Protesters will hold another demonstration on Monday, but for that, busloads of students from throughout the state will gather at the state Capitol building in Sacramento for an “Occupy the Capitol” event.
Protesters at the University of California at Berkeley were holding their own open university Thursday morning, and began gathering outside California Hall at 8 a.m.
A rally was held in Sproul Plaza at noon, and then protesters planned to march to Oakland’s Frank Ogawa Plaza to join an evening rally there at the site of the former Occupy Oakland camp.
At California State University Monterey Bay, protesters held an “Occupy Education” rally at noon followed by a march at 1:30 p.m. The rally will be held at Library Plaza at the corner of Divarty Street and Fifth Avenue.

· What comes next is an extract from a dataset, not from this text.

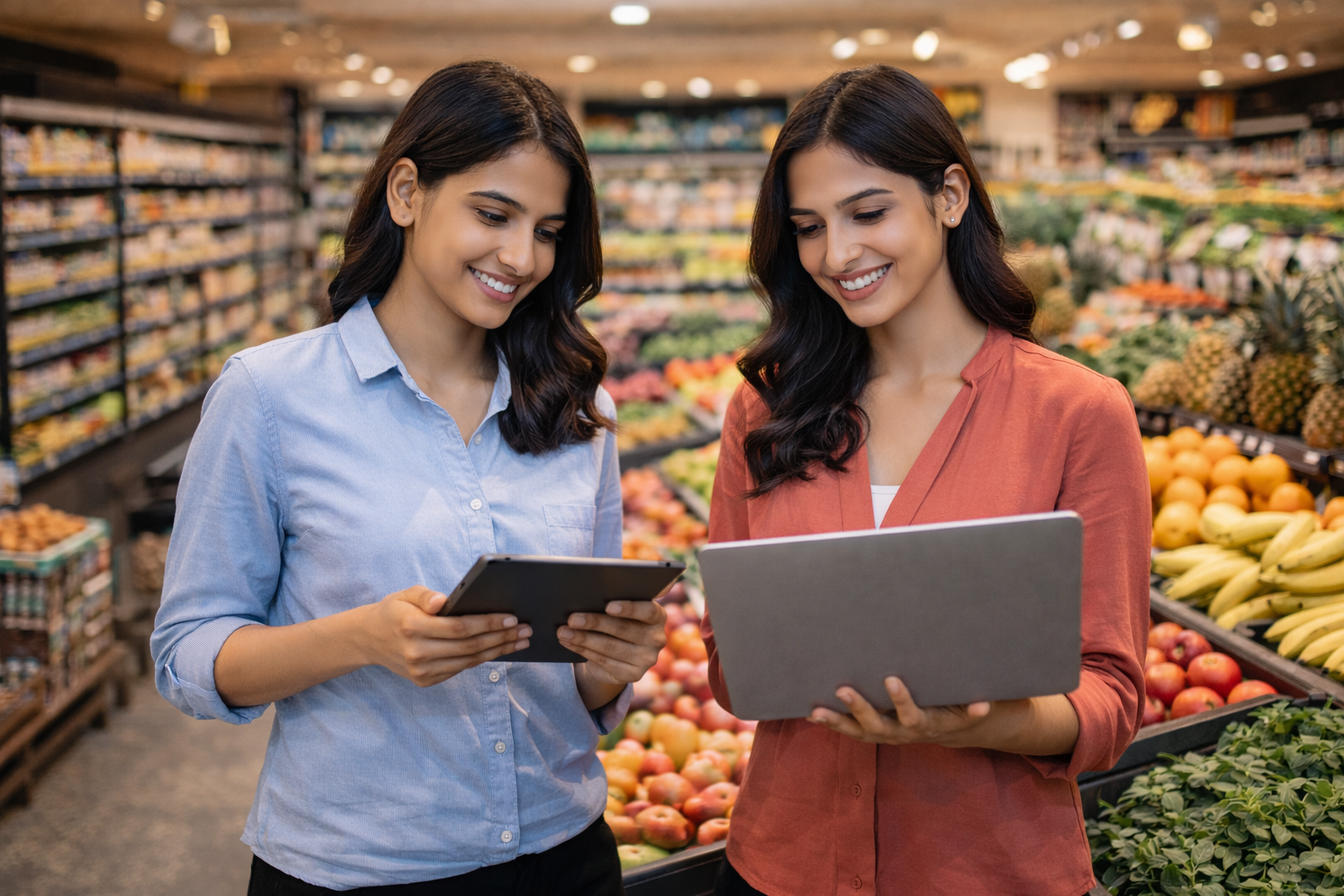 Agribusiness Management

The march will head to the Student Center on Inter-Garrison Road, where a teach-in will be held starting at 2 p.m.
At California State University East Bay in Hayward, protesters will hold a “People’s University” starting at noon. There will be faculty and student speakers and educational workshops throughout the afternoon, organizers said.
A “Reclaim SFSU” rally will be held at San Francisco State University started at noon, followed by a march from Malcolm X Plaza.
Organizers of the SFSU event said the action is being held to improve the quality of education at the school, and reclaim a student voice in education.
Students at San Jose State University planned a walkout at noon Thursday, followed by a rally and march.
The rally will begin near Clark Hall and students will hold a “speak out” to tell their stories of struggling with the rising costs of tuition.
The protesters are then planning to march silently through the Student Services Center before gathering in front of Tower Hall in the afternoon.
In the North Bay, students at Sonoma State University held a “Reclaim the People’s University” event at noon in Stevenson Quad.
The event will last throughout the day, starting with teach-ins, discussion circles and performances discussing cuts to departments, campus programs and the availability of student jobs.
Organizers said that university administration officials are intending to attend the events and discuss the students’ concerns.
There will also be a night event on the campus, with a concert featuring musical performances and speakers from 9 p.m. until midnight.
Students at Santa Rosa Junior College are planning to rally at 2 p.m. for a march to the Rattigan State Building at 50 D St.
There will be several Bay Area events held in solidarity with the campus events as well that have no direct association with a college or university.
In San Francisco, protesters will hold a teach-in and occupation at the California State Office Building at 455 Golden Gate Ave. before holding a rally in Civic Center Plaza at 4 p.m.
Occupy Oakland protesters are planning a rally in Frank Ogawa Plaza at 5 p.m.
Protesters from throughout the state will hold a larger, unified demonstration on Monday in Sacramento.
The “Occupy Education” rally began at 10 a.m. followed by a march to the state Capitol building. The daylong event will also feature nonviolent direct action training and another rally at the Capitol that evening.